A DREAM OF CONQUEST. Philadelphia: J. B. Lippincott Company, [1890]. Octavo, pp. [1-2] 3-80, original terra cotta wrappers printed in dark brown. First book edition. A short future war novel, a humorous treatment of the Yellow Peril theme popular during this period of wide-scale Chinese immigration. Wang-Chi-Poo, a midlevel mandarin angry at America, receives permission to buy some warships and attack the U.S. His first battle is with a one-man garrison in Key West, where he abducts an American woman and falls in love with her. He proceeds to New York City and, not receiving the ransom he had demanded, bombards the city. Was it all a dream?

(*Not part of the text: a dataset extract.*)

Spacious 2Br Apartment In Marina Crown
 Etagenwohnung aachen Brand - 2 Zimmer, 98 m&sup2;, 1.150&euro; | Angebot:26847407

Clareson calls it "a parody of the future war motif." (Clareson, Science-Fiction in America, 1870s-1930s, p. 31). Bleiler calls it "weak, enormously overdeveloped, unsuccessful as humor. The orientalia is on the level of The Mikado." (Bleiler, Science-Fiction: The Early Years 288). The story was published in LIPPINCOTT'S MONTHLY MAGAZINE, June 1889, and published separately in book form from the plates used for its magazine appearance. Bleiler, Science-Fiction: The Early Years 288. Clareson, Science Fiction in America, 1870s-1930s 100. Clareson, Some Kind of Paradise, p. 69. Bleiler (1978), p. 33. Not in Reginald (1979; 1992). Not in Clarke, Voices Prophesying War. Wright (III) 747. Small (14 mm) chip from lower spine end, a bit of soiling to front wrapper, a very good copy. Actually, a remarkably nice copy. This book edition is rare. (#157221).